**SUPPLIED ENTRIES**
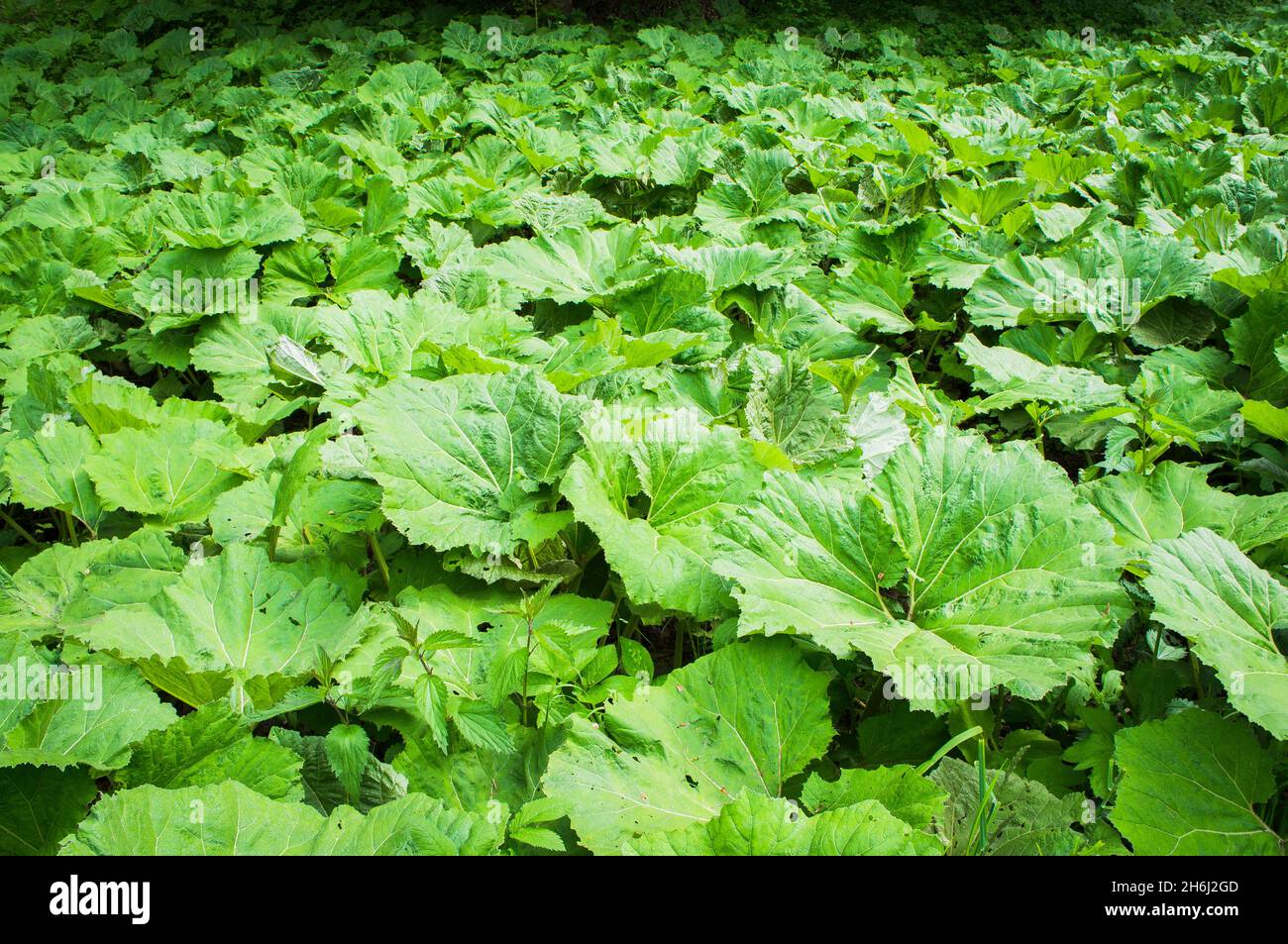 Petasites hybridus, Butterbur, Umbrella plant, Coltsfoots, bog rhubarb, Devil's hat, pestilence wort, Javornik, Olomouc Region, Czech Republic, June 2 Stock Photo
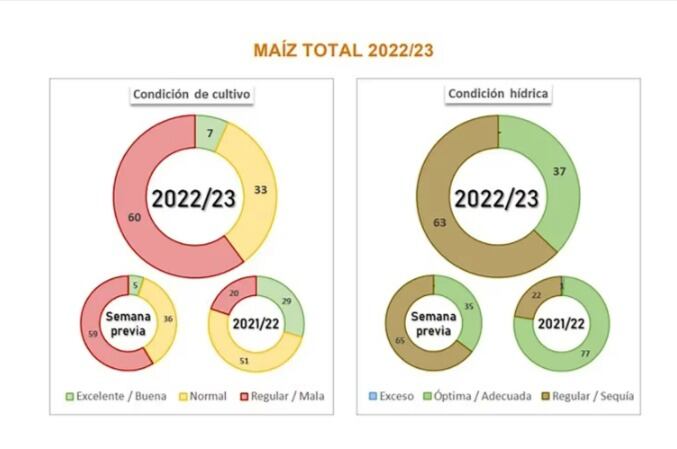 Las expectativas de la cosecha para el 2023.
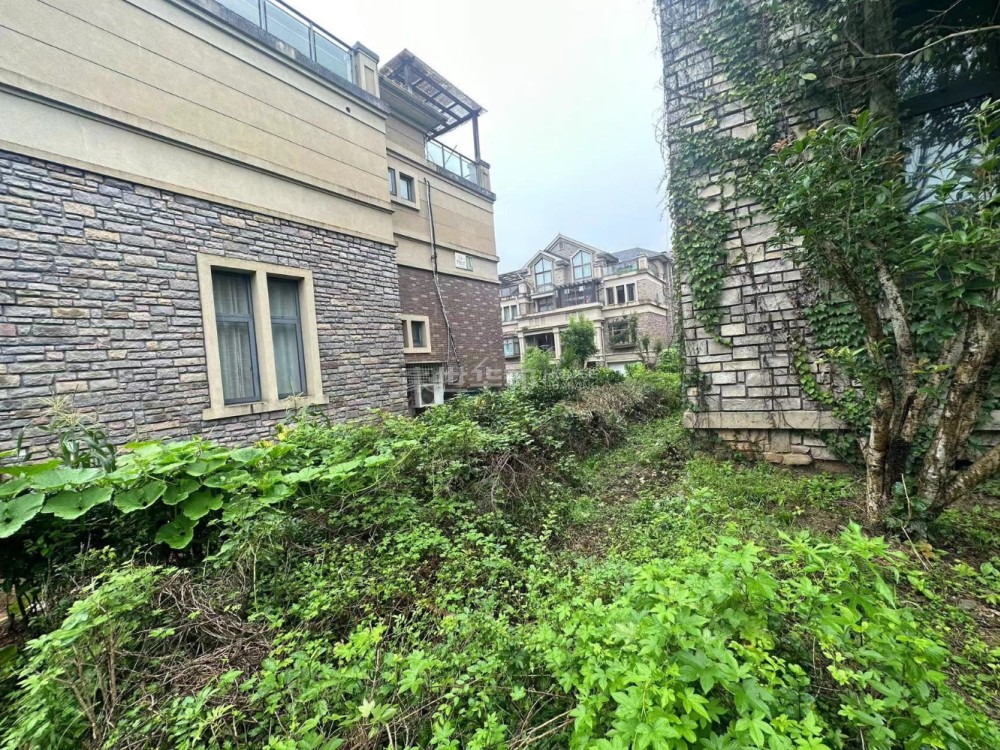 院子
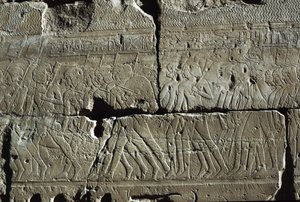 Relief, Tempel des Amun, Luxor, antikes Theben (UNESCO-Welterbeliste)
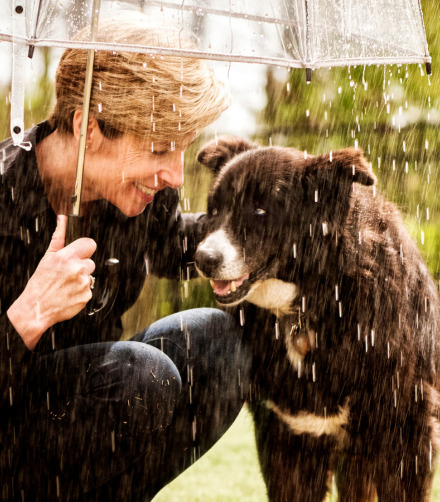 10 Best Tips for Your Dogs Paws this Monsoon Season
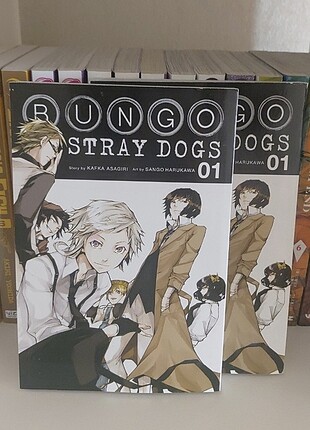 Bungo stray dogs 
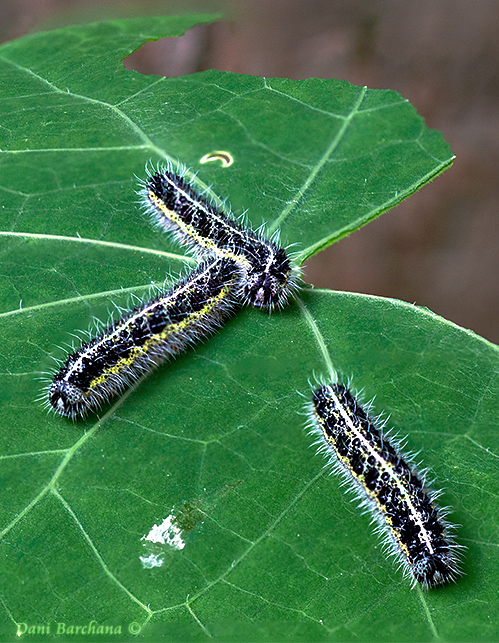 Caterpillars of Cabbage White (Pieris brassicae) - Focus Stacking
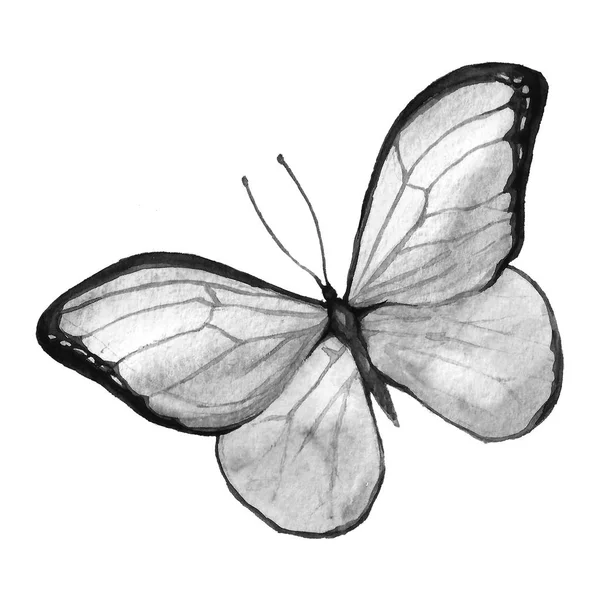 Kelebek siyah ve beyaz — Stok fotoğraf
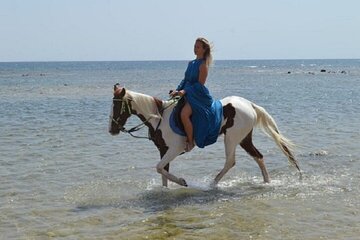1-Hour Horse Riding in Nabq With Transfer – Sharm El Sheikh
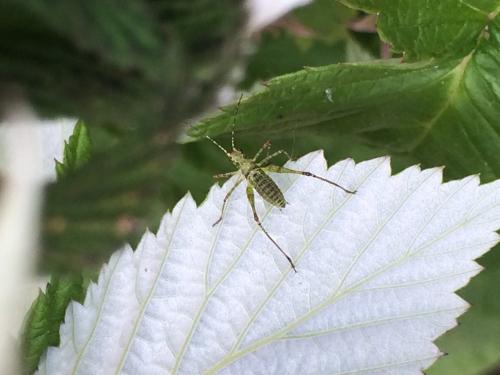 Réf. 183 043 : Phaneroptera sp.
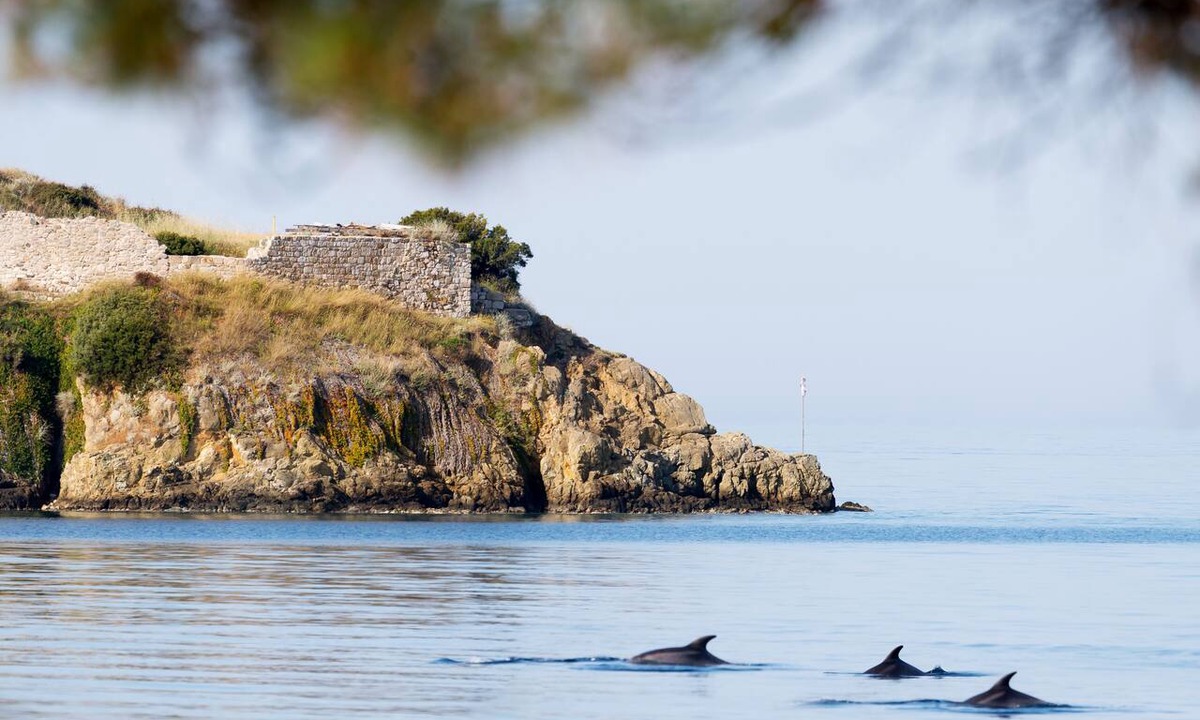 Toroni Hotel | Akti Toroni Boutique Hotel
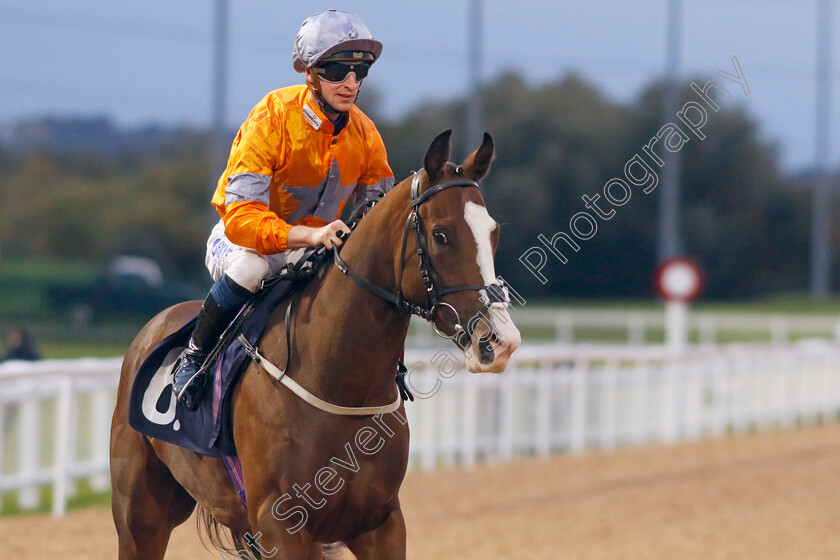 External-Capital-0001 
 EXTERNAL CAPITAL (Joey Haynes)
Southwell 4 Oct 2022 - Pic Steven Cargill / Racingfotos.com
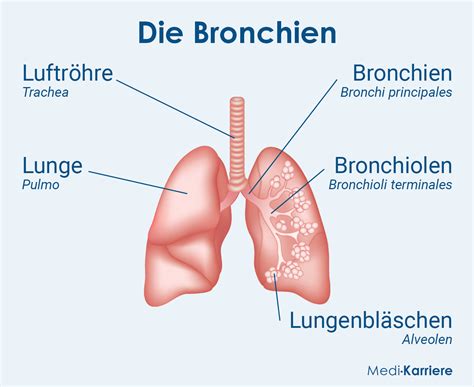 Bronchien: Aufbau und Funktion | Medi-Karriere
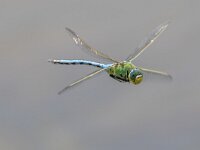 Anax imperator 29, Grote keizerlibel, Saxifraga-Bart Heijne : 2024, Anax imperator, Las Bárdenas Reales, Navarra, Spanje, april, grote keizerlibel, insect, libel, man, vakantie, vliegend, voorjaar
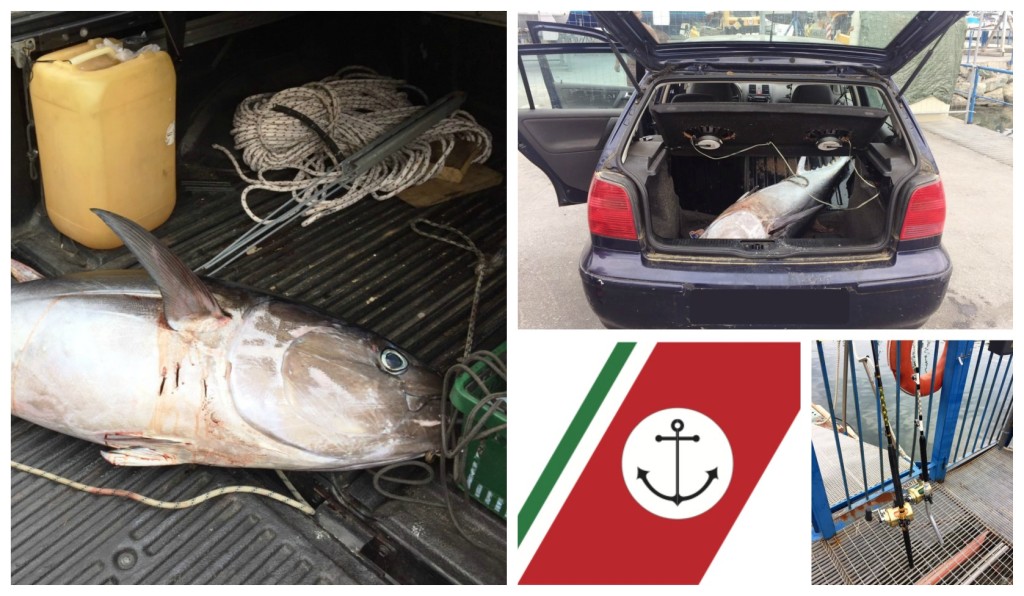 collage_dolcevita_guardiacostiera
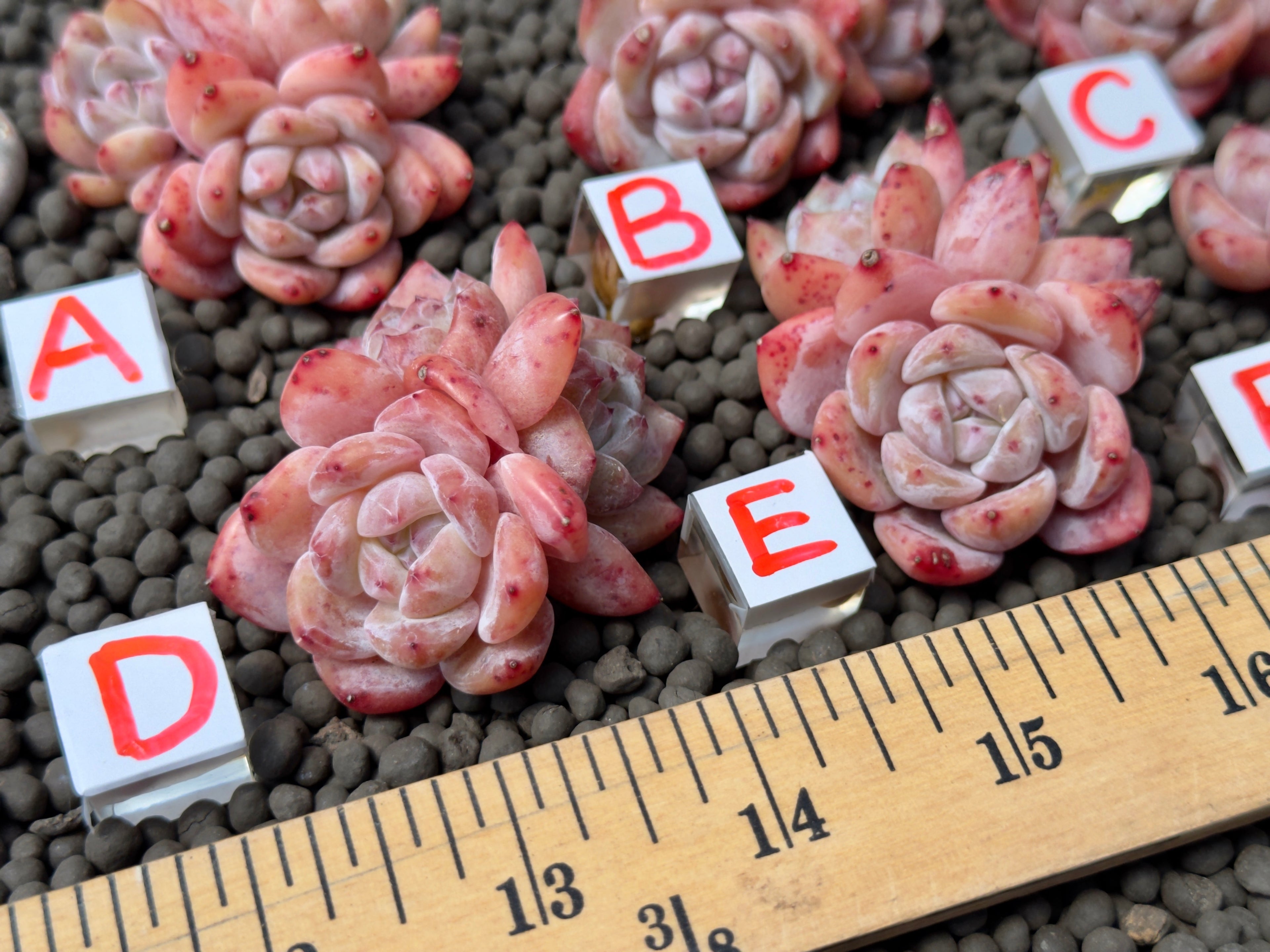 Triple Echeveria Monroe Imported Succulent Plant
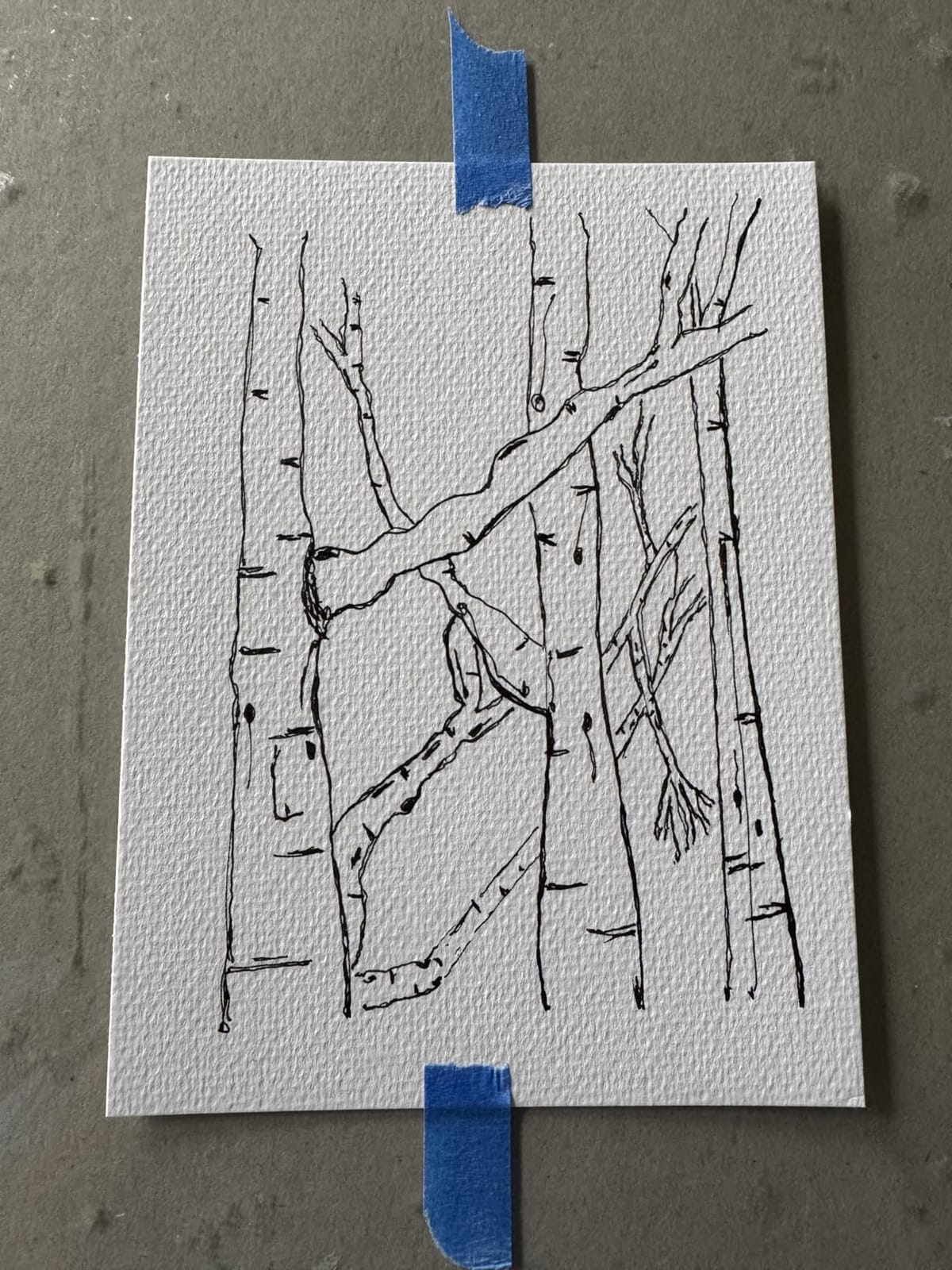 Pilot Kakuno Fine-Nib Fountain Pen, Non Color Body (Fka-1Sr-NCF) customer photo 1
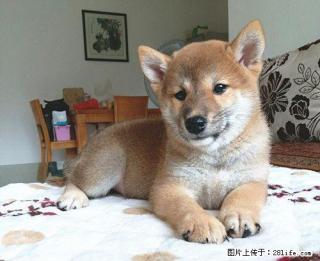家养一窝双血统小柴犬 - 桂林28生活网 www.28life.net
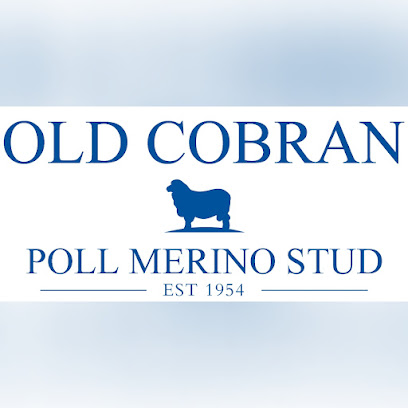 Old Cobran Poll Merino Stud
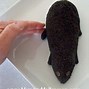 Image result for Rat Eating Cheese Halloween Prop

**EXERCISE OBJECTIVE**
Going by the data above, give back only the lines from the one containing "Relief, Tempel des" through the one containing "Bronchien: Aufbau und", exactly as they stand, both ends included and no images.

**RESULT**
 Relief, Tempel des Amun, Luxor, antikes Theben (UNESCO-Welterbeliste)
 10 Best Tips for Your Dogs Paws this Monsoon Season
 Bungo stray dogs 
 Caterpillars of Cabbage White (Pieris brassicae) - Focus Stacking
 Kelebek siyah ve beyaz — Stok fotoğraf
1-Hour Horse Riding in Nabq With Transfer – Sharm El Sheikh
 Réf. 183 043 : Phaneroptera sp.
 Toroni Hotel | Akti Toroni Boutique Hotel
 External-Capital-0001 
 EXTERNAL CAPITAL (Joey Haynes)
Southwell 4 Oct 2022 - Pic Steven Cargill / Racingfotos.com
 Bronchien: Aufbau und Funktion | Medi-Karriere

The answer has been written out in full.